# Source material
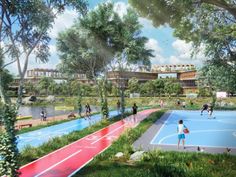 an artist's rendering of a basketball court surrounded by trees and people walking around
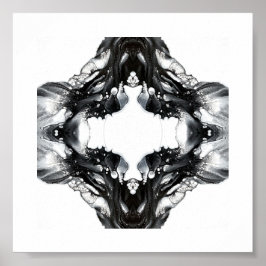 Light and Darkness Abstract Black White Fluid Art Poster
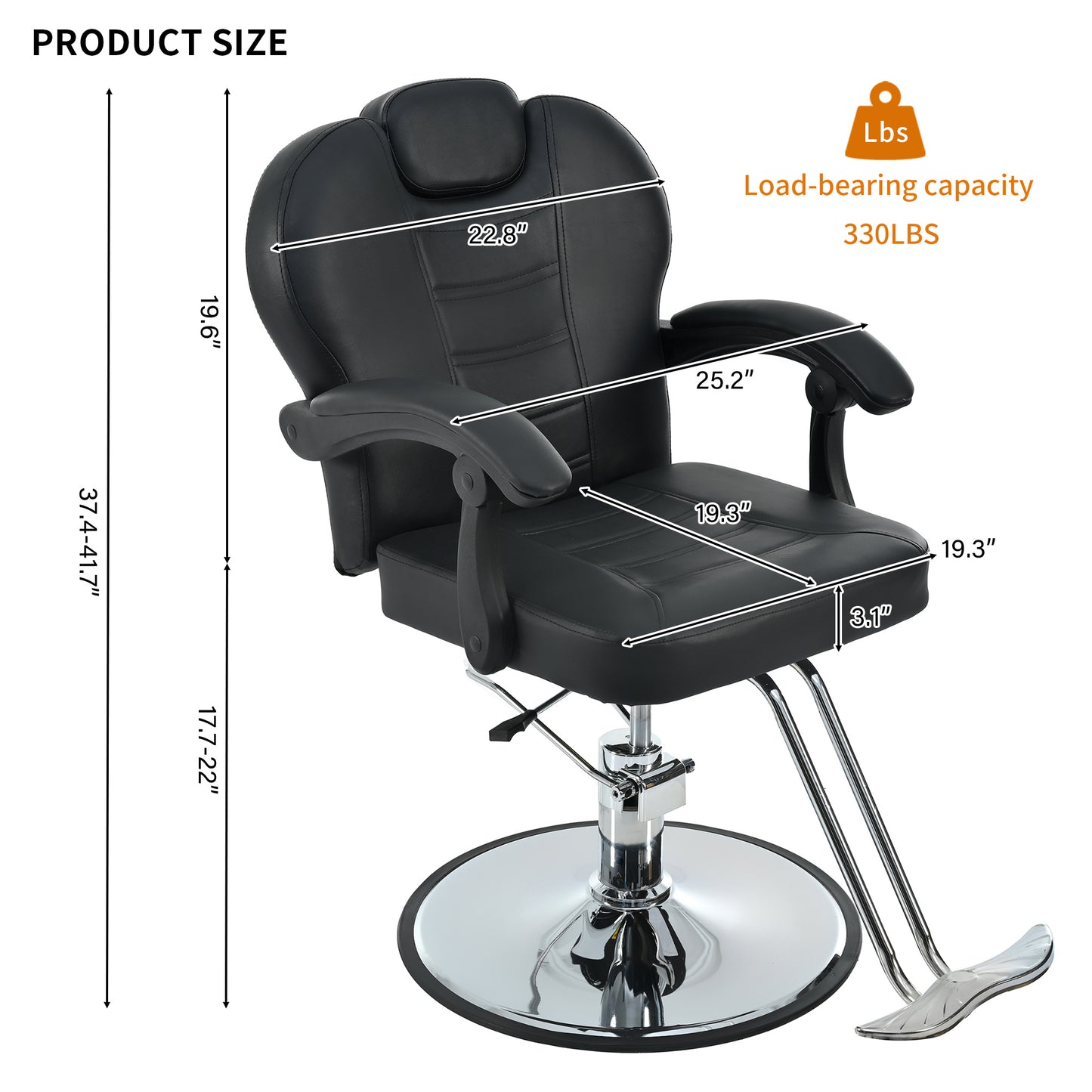 Classic Reclining barber Chair Salon Chair for Hair Stylist with Heavy Duty Hydraulic Pump, 360° Rotation, Tattoo Chair Shampoo Beauty Salon Equipment, Max Load Weight 330 Lbs, Black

# Instructions to follow
Return all of the material exactly, without pictures.

# Output for this task
 an artist's rendering of a basketball court surrounded by trees and people walking around
 Light and Darkness Abstract Black White Fluid Art Poster
 Classic Reclining barber Chair Salon Chair for Hair Stylist with Heavy Duty Hydraulic Pump, 360° Rotation, Tattoo Chair Shampoo Beauty Salon Equipment, Max Load Weight 330 Lbs, Black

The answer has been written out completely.